Jan. 28th, 2004

keryx: (Default)
Texas is an hour behind us. California is three hours behind us. There are timezones. Which are different. Across the US.

I think people in California - heck, people everywhere - should just live on my time. I don't care if they have to get up and work in the dark and sleep in the day. There are eastcoasters who work nights, after all. None of them seem particularly scarred for life.
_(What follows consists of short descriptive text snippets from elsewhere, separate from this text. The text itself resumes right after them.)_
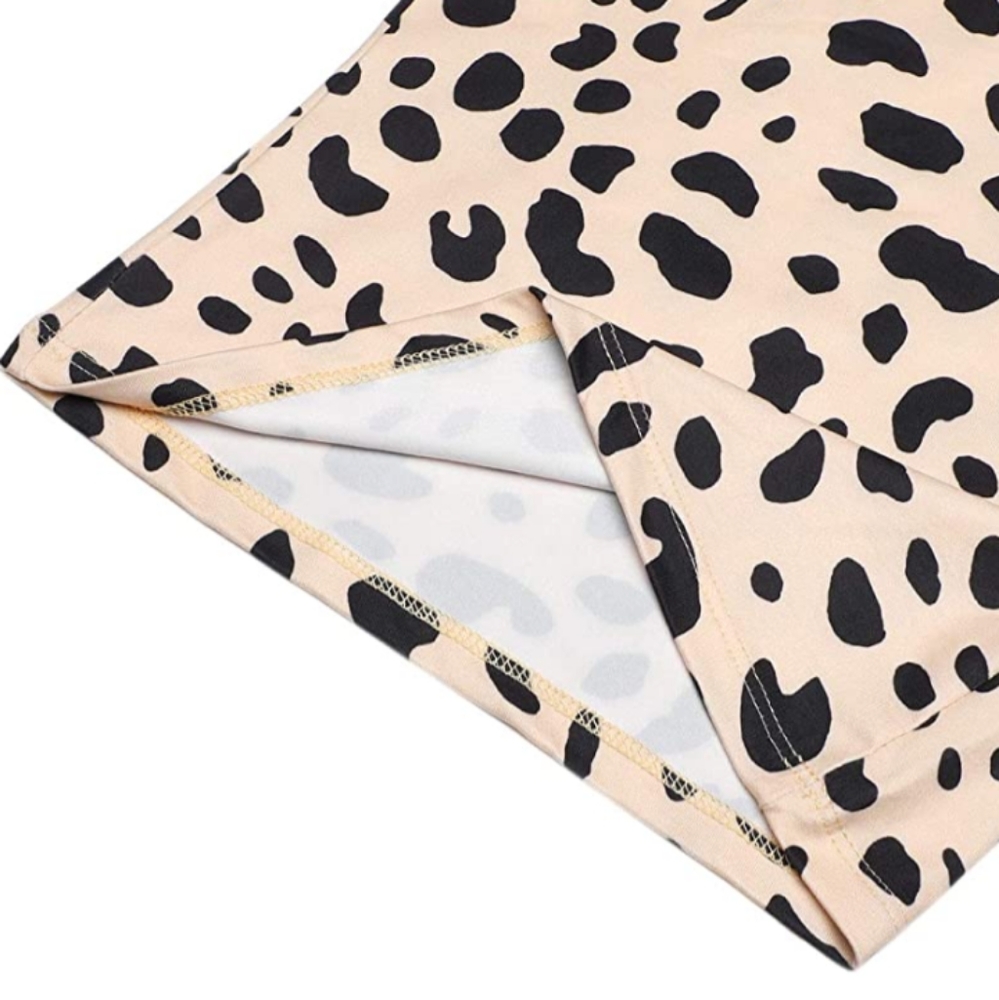 New Comfy Soft Stretchy Cheetah Print Palazzo Yoga Lounge Pants - Picture 5 of 9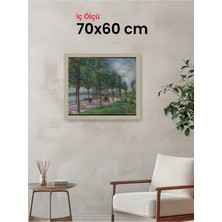 Hars Vintage Eskitme Beyaz Çok Renkli Çerçeve 70 x 60 cm Şeffaf Korumalı Pvc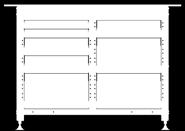 7 Hål Ø 16 mm, Borrhålsavstånd på bordsskiva är 50 mm 6.567 SEK Artikelnr.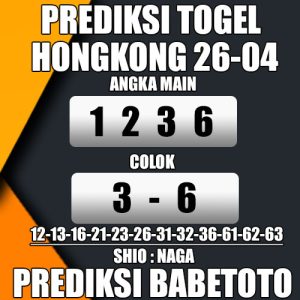 Prediksi HONGKONG 26 April 2024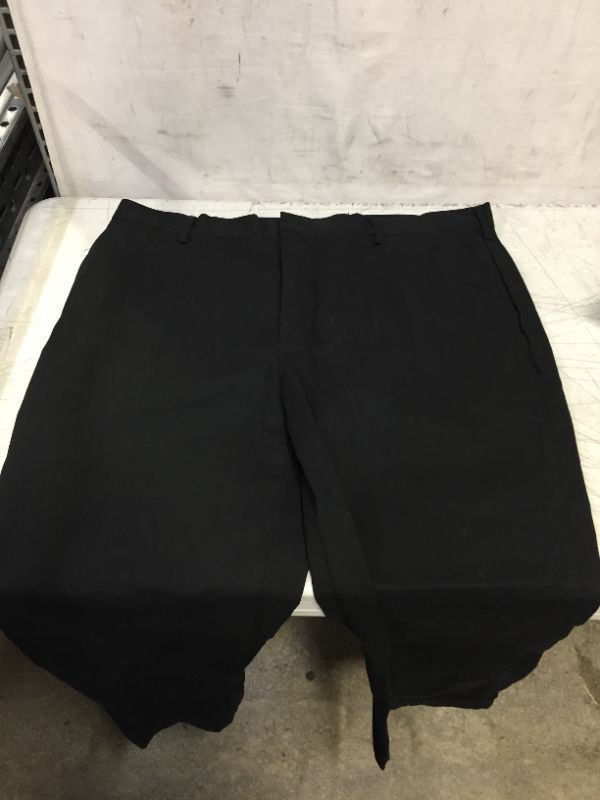 Photo 1 of Amazon Essentials Men's Slacks Black 42 x 28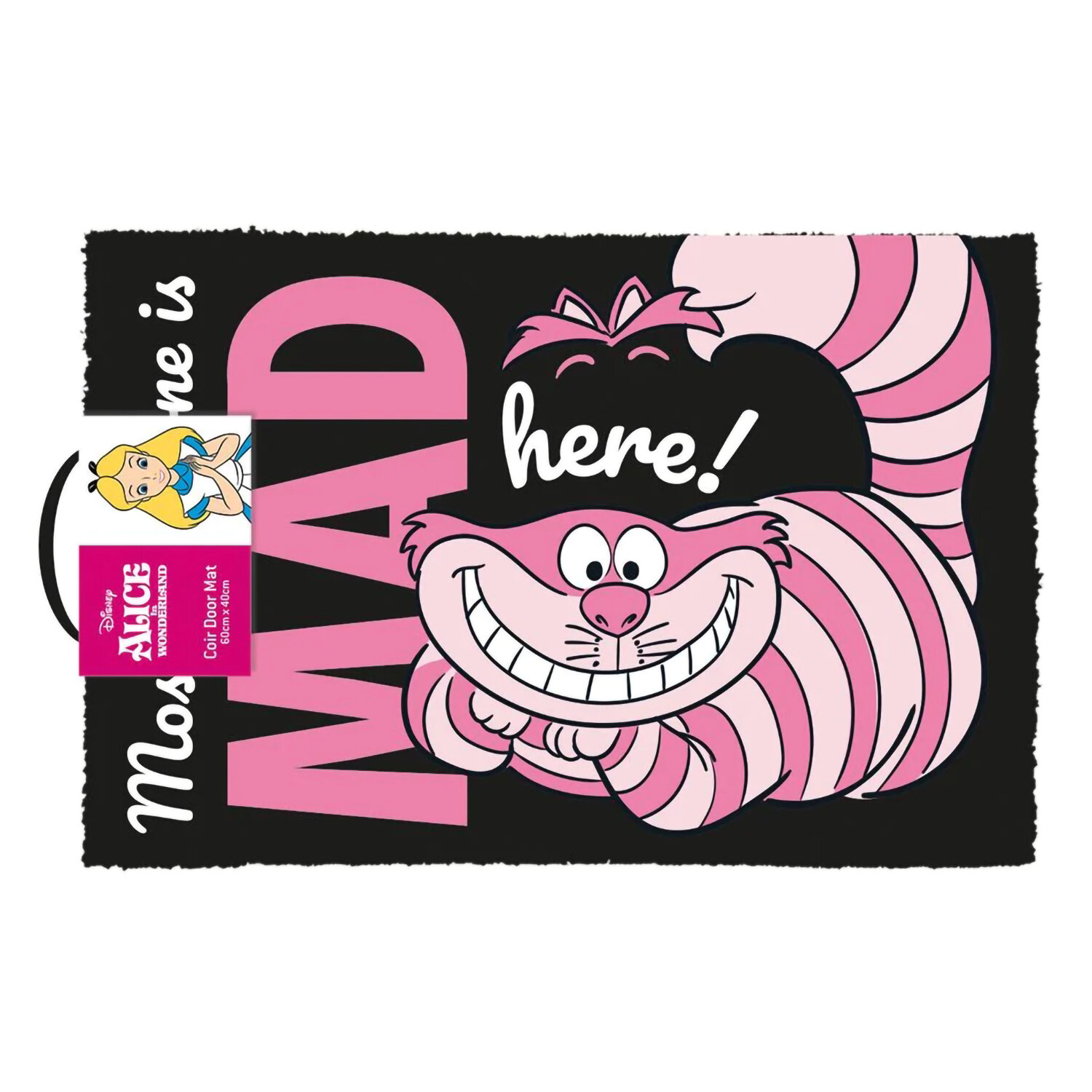 Коврик придверный Alice In Wonderland We're All Mad Here! (40х60см)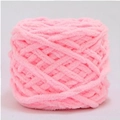 Gomitolo di filato di ciniglia rosa morbido per maglieria a mano e progetti all'uncinetto - Rosa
Of course I'm joking, but it sometimes seems like I have some sort of special problem with understanding what time it is in more than one place at a time. I'm working on a project with some people in California and others in Texas, and I keep having to reschedule meetings and work slightly odd days because of this - like, I'll think "10AM is a perfectly reasonable meeting time" and then remember it's actually 7AM for someone. And this morning I tried to schedule a meeting at 8AM my time thinking that was 9AM Texas time. It's not. It's 7, too. No reasonable person works at 7, and if they do, it's to catch up on the work they missed while going to all those meetings.

But it's not just me.

There are tons of business-related books, classes, and such on just this topic - one of the most awkward things about teams at multiple locations is this logistical stuff; the what time is its and how is the weathers of life. Clearly knowing what time it is everywhere else is the future. [Hmm, that sounds funny.]
keryx: (Default)
I just signed up for my company's discounted stock purchase plan, then rearranged all my 401(k) contributions because some of my money was invested in Wal-Mart and some was invested too conservatively.

Ironically, I moved my money from Wal-Mart to a combination of small companies, risky companies and overseas investments that probably include sweatshops. There aren't really options for what I'd call "socially responsible" investments. I'd like to, say, invest in businesses owned by round women in their twenties and thirties. But at least it's not being sent to megacorporations that make me feel all ew.

It's the little things.

Not to say that I'm inherently against corporations, even Wal-Mart. I work for one. Nor am I, for that matter, opposed to sweatshops in the here and now. That is - in the longer term, we need a global living wage that means people who make cheap plastic toys can afford to buy them and that the gap is narrowed between the wealthiest and poorest countries, but in the shorter term, my 401(k) is helping a twelve year old support a family of five, and given the other option is frequently near-starvation for them, I'd rather they have the sweatshop-working option than not. Something shitty over something shittier, I guess.

Wal-Mart, on the other hand, is something I'm more ambivalent about. If the Wal-Marts of the world could exist without crushing local businesses and stepping on their workers, I might be alright with them. They just can't.